Capital Alliance Income Trust Ltd., a residential mortgage REIT, said Friday that it is facing rapidly increasing pressure from deteriorating market conditions in the subprime credit sector. The San Francisco-based company said that it now expects to report $1.35 million in losses for 2006; in late December, the company had said it expected to lose $900,000. Primarily an investor in residential subprime mortages, CAIT lost $307,308 during 2005. In a letter to shareholders, CAIT president Richard Wrenson said that approximately 34 percent of the REIT’s mortgage loans are currently classified as non-performing assets, as measured by mortgage payments delinquencies in excess of 60 days. Hinting at future insolvency at the mortgage operation, Wrenson also said the non-performing loans represent 95 percent of common shareholder equity, due to the company’s highly-leveraged mortgage loan portfolio. “Until this situation improves, management will focus on curing these delinquencies, in order to restore income and protect shareholder value,” said Wrenson. “Until these ratios improve, operating income and new business initiatives will remain constrained.
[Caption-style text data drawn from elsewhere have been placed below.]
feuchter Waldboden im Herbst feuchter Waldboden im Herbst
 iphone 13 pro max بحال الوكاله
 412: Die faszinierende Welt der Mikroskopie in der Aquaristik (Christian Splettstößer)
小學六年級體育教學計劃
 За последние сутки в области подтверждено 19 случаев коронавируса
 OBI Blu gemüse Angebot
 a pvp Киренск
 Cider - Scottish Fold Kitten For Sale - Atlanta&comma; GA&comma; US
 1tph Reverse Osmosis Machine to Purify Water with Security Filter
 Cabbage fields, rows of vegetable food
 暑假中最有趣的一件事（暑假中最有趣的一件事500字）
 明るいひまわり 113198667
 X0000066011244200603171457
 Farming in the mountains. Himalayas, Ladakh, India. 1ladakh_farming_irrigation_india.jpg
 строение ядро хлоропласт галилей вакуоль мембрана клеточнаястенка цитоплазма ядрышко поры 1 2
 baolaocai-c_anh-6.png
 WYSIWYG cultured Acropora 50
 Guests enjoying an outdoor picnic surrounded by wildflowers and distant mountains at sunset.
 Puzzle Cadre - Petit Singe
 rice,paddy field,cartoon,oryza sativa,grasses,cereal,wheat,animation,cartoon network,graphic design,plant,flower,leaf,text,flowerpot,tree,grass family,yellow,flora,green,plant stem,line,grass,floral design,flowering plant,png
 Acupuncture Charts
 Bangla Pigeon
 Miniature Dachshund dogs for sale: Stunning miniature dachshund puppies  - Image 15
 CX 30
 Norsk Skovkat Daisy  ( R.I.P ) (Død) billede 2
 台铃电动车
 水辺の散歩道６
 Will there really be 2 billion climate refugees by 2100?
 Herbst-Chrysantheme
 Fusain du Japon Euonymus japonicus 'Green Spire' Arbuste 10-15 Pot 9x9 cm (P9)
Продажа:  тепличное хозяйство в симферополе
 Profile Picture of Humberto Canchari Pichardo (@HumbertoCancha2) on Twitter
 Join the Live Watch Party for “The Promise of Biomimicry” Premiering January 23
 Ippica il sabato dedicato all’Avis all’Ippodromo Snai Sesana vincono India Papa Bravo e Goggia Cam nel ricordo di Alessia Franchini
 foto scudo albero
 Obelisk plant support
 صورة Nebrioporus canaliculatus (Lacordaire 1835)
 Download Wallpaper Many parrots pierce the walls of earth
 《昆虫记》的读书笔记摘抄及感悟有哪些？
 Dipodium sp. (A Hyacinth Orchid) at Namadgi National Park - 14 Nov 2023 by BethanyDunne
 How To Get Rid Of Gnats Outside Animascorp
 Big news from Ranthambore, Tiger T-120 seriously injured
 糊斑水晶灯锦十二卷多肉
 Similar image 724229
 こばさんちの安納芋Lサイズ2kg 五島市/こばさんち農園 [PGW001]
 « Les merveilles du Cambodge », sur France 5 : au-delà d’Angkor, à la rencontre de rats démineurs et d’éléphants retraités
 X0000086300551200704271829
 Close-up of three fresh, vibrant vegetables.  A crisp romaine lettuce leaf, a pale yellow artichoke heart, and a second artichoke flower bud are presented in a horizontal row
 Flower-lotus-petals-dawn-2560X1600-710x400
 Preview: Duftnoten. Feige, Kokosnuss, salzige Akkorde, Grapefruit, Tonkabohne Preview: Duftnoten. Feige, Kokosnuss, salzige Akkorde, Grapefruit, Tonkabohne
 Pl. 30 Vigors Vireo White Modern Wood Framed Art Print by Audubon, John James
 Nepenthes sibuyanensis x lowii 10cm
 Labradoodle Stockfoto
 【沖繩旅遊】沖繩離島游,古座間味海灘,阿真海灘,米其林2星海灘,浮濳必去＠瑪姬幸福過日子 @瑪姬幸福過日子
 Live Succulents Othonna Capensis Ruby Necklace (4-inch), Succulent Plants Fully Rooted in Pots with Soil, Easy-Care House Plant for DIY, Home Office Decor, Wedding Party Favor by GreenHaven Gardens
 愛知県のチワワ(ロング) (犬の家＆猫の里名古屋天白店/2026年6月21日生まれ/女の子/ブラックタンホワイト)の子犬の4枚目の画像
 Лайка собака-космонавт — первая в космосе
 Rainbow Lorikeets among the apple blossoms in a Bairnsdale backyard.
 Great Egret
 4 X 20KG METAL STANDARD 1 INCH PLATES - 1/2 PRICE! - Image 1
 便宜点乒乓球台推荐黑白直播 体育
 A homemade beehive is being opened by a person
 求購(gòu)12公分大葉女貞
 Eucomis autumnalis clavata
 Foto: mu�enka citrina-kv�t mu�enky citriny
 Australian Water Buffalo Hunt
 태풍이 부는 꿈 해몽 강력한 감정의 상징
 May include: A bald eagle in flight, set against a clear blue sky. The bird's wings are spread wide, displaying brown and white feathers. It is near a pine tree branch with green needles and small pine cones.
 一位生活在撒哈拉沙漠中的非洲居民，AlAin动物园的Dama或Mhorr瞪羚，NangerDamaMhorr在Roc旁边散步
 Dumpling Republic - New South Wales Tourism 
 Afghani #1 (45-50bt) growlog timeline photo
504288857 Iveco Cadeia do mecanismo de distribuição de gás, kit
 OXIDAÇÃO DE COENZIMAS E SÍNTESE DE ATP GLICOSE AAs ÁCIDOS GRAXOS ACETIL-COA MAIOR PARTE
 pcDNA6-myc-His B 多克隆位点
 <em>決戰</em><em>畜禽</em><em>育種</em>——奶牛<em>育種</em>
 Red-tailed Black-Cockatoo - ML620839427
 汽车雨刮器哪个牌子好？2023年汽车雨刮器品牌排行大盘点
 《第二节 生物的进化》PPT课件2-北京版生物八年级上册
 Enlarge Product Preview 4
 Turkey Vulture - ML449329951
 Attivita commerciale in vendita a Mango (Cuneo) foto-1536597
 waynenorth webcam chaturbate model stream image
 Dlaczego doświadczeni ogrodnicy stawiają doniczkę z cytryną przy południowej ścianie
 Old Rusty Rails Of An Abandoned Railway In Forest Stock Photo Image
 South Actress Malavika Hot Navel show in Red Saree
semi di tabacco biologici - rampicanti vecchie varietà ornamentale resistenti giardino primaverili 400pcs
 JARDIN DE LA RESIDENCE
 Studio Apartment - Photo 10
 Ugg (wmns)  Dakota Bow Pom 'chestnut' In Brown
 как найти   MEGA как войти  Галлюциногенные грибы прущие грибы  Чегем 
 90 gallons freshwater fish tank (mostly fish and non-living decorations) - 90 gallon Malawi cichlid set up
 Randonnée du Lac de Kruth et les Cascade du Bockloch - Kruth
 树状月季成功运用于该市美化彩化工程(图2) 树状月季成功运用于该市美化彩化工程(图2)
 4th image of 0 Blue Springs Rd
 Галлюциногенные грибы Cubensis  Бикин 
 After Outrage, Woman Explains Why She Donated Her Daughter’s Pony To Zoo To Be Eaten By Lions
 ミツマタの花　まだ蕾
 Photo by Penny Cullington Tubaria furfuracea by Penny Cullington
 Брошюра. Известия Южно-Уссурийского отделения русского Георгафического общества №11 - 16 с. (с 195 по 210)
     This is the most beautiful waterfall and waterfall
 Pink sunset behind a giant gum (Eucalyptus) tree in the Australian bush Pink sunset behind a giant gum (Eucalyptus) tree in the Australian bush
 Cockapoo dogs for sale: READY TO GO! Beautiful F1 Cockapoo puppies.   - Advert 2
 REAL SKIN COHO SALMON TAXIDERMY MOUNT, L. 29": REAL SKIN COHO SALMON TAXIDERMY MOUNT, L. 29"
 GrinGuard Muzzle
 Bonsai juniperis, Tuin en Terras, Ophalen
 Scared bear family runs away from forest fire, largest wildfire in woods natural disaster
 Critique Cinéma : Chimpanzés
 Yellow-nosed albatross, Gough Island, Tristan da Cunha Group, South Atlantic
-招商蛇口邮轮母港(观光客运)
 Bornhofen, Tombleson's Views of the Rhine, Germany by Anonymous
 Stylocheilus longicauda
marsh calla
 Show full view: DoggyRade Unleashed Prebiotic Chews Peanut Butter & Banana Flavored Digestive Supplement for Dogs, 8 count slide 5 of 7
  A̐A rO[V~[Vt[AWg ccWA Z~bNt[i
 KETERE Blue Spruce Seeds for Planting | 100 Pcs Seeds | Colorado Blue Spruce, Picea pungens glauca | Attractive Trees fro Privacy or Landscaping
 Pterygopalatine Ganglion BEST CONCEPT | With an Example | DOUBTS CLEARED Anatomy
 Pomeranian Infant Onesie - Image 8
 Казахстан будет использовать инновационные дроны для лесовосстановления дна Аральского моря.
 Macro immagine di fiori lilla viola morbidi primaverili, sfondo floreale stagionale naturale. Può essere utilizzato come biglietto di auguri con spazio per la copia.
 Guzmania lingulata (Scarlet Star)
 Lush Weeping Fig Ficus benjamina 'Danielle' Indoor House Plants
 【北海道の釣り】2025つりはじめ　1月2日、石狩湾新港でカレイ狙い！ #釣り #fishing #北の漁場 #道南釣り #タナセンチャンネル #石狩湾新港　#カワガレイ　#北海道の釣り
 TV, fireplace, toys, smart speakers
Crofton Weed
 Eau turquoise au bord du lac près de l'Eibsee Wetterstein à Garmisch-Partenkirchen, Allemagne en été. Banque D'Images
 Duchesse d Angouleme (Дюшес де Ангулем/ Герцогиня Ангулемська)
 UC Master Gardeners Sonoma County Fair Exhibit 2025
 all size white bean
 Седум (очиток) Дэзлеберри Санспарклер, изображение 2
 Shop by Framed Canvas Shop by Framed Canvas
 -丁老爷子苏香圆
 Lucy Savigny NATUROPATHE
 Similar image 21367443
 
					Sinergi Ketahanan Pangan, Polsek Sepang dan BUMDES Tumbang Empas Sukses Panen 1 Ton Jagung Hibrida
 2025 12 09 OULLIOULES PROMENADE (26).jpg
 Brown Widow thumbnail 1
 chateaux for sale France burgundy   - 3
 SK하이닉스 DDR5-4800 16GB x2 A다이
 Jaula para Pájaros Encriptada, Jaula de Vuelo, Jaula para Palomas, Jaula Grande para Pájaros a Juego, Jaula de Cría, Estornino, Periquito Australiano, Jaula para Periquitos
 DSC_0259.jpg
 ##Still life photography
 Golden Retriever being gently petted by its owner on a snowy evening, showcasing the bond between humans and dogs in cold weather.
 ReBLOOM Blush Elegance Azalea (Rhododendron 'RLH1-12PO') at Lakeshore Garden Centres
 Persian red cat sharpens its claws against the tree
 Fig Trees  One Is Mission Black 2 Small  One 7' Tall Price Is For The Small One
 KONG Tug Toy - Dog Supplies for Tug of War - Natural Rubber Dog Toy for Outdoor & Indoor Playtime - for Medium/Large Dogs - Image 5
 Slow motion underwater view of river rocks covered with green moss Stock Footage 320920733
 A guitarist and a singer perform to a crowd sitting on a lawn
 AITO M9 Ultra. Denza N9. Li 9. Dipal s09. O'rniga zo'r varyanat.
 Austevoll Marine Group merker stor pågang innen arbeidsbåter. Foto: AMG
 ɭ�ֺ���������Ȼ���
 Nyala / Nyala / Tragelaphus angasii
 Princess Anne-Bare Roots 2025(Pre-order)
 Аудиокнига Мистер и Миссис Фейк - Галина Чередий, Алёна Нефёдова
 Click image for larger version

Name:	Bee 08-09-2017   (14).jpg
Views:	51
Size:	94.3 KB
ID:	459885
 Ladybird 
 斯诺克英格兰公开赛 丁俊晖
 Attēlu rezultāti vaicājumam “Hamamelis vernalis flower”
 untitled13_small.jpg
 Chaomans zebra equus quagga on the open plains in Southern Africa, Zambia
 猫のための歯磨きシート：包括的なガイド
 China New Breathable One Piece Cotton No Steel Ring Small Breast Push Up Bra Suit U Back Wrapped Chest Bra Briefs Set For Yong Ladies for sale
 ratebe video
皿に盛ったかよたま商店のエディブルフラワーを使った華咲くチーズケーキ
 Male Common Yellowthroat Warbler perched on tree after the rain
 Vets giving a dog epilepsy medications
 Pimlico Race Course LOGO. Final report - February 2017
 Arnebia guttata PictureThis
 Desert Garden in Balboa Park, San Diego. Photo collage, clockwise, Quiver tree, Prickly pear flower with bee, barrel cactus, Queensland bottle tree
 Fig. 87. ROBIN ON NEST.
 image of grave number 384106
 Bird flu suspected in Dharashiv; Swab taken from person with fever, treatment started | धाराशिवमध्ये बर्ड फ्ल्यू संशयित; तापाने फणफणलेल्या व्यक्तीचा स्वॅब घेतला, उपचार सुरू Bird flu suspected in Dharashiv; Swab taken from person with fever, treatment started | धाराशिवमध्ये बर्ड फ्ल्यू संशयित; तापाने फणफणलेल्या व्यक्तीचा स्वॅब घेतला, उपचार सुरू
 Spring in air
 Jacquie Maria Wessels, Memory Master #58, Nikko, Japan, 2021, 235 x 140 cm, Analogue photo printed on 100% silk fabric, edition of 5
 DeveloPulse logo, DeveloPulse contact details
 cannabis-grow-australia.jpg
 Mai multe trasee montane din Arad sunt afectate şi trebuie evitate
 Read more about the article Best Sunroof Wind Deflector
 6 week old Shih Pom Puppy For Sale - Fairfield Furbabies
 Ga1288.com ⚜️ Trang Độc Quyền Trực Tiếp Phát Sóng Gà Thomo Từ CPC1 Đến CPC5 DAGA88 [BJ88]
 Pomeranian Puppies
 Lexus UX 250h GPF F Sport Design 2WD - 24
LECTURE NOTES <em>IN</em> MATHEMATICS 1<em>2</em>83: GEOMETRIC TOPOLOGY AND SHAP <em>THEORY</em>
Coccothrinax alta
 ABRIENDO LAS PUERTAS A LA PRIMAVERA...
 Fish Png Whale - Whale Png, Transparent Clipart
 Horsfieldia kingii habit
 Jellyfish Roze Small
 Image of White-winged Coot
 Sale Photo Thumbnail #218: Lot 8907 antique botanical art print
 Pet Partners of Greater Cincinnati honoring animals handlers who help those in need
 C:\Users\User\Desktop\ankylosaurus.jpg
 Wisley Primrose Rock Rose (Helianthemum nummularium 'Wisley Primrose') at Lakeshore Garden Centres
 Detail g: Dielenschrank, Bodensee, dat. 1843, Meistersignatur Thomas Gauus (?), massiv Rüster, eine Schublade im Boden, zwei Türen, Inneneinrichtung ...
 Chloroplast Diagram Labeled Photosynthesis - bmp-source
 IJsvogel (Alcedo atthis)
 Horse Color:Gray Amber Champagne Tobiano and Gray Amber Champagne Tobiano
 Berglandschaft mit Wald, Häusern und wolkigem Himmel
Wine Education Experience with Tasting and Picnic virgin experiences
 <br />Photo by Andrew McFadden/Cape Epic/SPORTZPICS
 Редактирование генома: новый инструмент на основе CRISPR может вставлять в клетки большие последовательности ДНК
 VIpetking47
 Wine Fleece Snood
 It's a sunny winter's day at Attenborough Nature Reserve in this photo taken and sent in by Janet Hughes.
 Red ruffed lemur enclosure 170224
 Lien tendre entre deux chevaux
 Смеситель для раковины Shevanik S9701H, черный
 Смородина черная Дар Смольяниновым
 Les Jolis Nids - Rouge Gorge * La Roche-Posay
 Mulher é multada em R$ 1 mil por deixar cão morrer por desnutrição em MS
“2006’s fourth quarter financial results will require additional loan loss expenses to account for the mortgage portfolio’s identified losses. If the residential housing market continues to soften or if the economy slips into a recession during 2007, additional reserves may be needed,” he said. Curing outstanding subprime delinquencies would seem to be a large task for the troubled mortgage operation, with subprime defaults skyrocketing during 2006 and into early 2007. With that in mind, Wrenson also noted that the company will begin pursuing other investments outside of subprime residential mortgages, in an effort to limit the company’s exposure to the credit sector. “Given the present business environment, CAIT’s operating experience and the performance of recent, non-conforming, residential mortgage loans, new investment opportunities outside whole loan residential mortgage investments will be initiated,” Wrenson said. “CAIT intends to remain a real estate investment trust that opportunistically invests in REIT-compliant assets, other than residential mortgages.” Not surprisingly, the troubled REIT has suspended dividend payments to shareholders pending a return to profitability, something industry insiders have told Housing Wire is unlikely at this point. “They’ve cast their lot in the subprime space, which made them some money when the yield spreads were there,” said one industry source, who wished to remain anonymous. “Now that the credit sector is falling off a cliff, they want to get out there and buy into other assets — and I don’t think it’s possible at this point given how highly leveraged the company already is.”